A Namíbia é o caso típico de uma democracia estável, mas com partido dominante. Desde a independência, em 1990, que a SWAPO, o antigo movimento de libertação, tem vencido, invariavelmente e com vantagens esmagadoras, todas as eleições realizadas no país. A isso não será estranho o facto de os seus principais dirigentes provirem dos ovambos, a maior etnia do país. A oposição é bastante débil e tem-se mostrado fragmentada. As suas forças armadas intervieram nas guerras civis da RD do Congo e deram apoio, na retaguarda, ao MPLA contra a UNITA, na vizinha Angola. O governo ensaiou, ainda, uma tímida reforma agrária, mas não avançou muito, após a desastrosa experiência zimbabwiana. O seu líder histórico, Sam Nujoma, foi eleito presidente em 1994 e 1999, a que se seguiu Hifikepunye Pohamba em 2004 e 2009, por sua vez sucedido, em 2014, por Hage Geingob. Nas eleições gerais de novembro, o presidente foi reeleito tranquilamente, mas viu o seu apoio decrescer de 87% para 56%, enquanto a SWAPO, apesar de manter a sua tradicional supremacia, perdeu bastantes votos e ficou a um lugar da maioria constitucional de 2/3, algo que sucedeu pela primeira vez desde a independência. Os resultados mostram algum descontentamento com a governação, em especial entre o eleitorado urbano.

O Botswana é um caso semelhante, embora a sua independência seja mais precoce, datando de 1965. Ao contrário da maioria dos países africanos, que optaram por sistemas de partido único até ao início dos anos 90, o Botswana manteve o multipartidarismo. Contudo, o conservador Partido Democrático do Botswana (BDP) tem dominado a vida política do país, vencendo todos os atos eleitorais realizados até hoje. Contudo, gradualmente, a sua popularidade tem vindo a diminuir e, nas eleições de 2014, ficou, pela primeira vez abaixo dos 50%, embora conservando a maioria absoluta dos lugares no Parlamento. Isso ficou a dever-se a uma cisão no BDP, por parte de um setor que se opunha às políticas do presidente Ian Khama, filho do “pai” da independência, Seretse Khama. Face à instabilidade crescente no seio do partido, aquele demitiu-se, sendo substituído pelo vice-presidente Mokgweetsi Masisi. Nas eleições gerais de outubro, foi reeleito com mais de 50% dos votos, deixando a grande distância o seu principal opositor, Duma Boko, líder da aliança Guarda-chuva da Mudança Democrática (UDC), do centro-esquerda. Entretanto, o antigo presidente esteve por trás da criação de um novo partido, a Frente Patriótica do Botswana (BPF), mas não se abalançou a liderá-lo e os seus resultados foram bastante modestos. O país, semidesértico e pouco povoado, mas rico em diamantes, é dos mais prósperos de África. Porém, foi duramente atingido pela epidemia de SIDA, no final do século passado.

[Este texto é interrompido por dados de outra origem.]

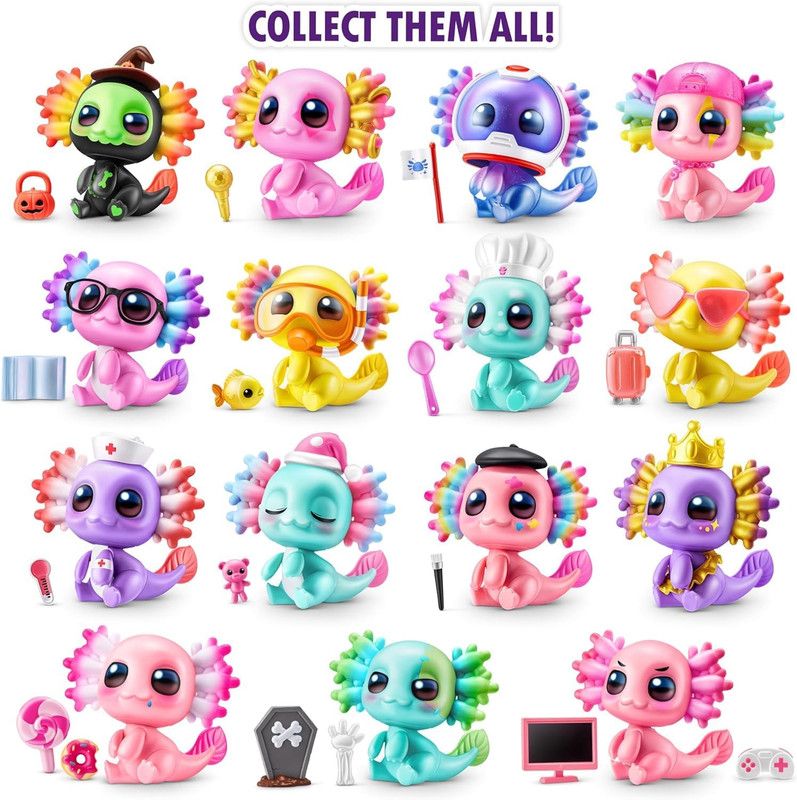 ZURU - 5 Surprise Mini Brands A-Lot-A Axolotls Series 1 Mystery Pack - Color May Vary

Por seu turno, o pequeno reino de Eswatini (Suazilândia) é a última monarquia absoluta do continente. Teoricamente, o poder é exercido pelo rei e pela sua mãe (ou, em caso de falecimento, por uma substituta ritual), mas o papel desta é, em geral, essencialmente simbólico. Em 2018, na comemoração simultânea dos 50 anos da independência do país e do rei, este decretou a africanização do nome do reino, já que Suazilândia fora a designação atribuída ao território pelos colonizadores britânicos. A isso não será estranho o descontentamento com o estilo de vida luxuoso e lascivo do rei Mswati III, mesmo num país onde um elevado grau de poligamia masculina faz parte da tradição cultural. O luxo da Corte, a par com a corrupção e a pobreza da maioria do povo, tem gerado descontentamento, traduzido em surtos de manifestações e greves a favor da democratização e da melhoria das condições de vida, quase sempre duramente reprimidas. Por isso, essa medida foi uma tentativa do monarca recuperar alguma da popularidade perdida.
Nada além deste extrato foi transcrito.